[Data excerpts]

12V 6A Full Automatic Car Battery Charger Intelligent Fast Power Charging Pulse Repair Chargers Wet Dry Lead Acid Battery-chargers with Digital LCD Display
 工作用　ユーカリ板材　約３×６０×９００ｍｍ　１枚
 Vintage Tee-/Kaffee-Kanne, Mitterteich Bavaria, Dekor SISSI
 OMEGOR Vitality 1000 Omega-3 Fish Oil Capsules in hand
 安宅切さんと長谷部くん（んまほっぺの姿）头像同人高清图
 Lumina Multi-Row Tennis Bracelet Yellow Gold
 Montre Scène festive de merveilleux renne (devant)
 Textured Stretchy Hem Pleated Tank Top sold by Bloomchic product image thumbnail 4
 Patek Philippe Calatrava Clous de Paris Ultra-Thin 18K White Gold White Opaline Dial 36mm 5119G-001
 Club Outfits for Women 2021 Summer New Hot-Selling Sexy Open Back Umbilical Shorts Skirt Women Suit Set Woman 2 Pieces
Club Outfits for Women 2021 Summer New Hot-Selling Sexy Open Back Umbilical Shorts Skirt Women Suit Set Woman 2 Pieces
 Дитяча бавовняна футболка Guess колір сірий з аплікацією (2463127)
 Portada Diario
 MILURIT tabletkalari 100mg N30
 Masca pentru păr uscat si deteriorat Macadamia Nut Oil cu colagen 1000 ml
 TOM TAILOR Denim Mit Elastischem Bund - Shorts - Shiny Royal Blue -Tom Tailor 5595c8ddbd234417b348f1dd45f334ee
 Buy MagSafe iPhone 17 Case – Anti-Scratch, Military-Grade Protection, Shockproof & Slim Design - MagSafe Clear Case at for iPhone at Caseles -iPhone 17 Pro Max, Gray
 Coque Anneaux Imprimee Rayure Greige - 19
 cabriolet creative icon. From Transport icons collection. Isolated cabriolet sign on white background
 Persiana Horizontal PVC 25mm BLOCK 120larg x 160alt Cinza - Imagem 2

- Aim of the task:
Could you set down, word for word, only the lines above from the line with "Дитяча бавовняна футболка" to the line with "cabriolet creative icon.", including both?

- Written solution:
 Дитяча бавовняна футболка Guess колір сірий з аплікацією (2463127)
 Portada Diario
 MILURIT tabletkalari 100mg N30
 Masca pentru păr uscat si deteriorat Macadamia Nut Oil cu colagen 1000 ml
 TOM TAILOR Denim Mit Elastischem Bund - Shorts - Shiny Royal Blue -Tom Tailor 5595c8ddbd234417b348f1dd45f334ee
 Buy MagSafe iPhone 17 Case – Anti-Scratch, Military-Grade Protection, Shockproof & Slim Design - MagSafe Clear Case at for iPhone at Caseles -iPhone 17 Pro Max, Gray
 Coque Anneaux Imprimee Rayure Greige - 19
 cabriolet creative icon. From Transport icons collection. Isolated cabriolet sign on white background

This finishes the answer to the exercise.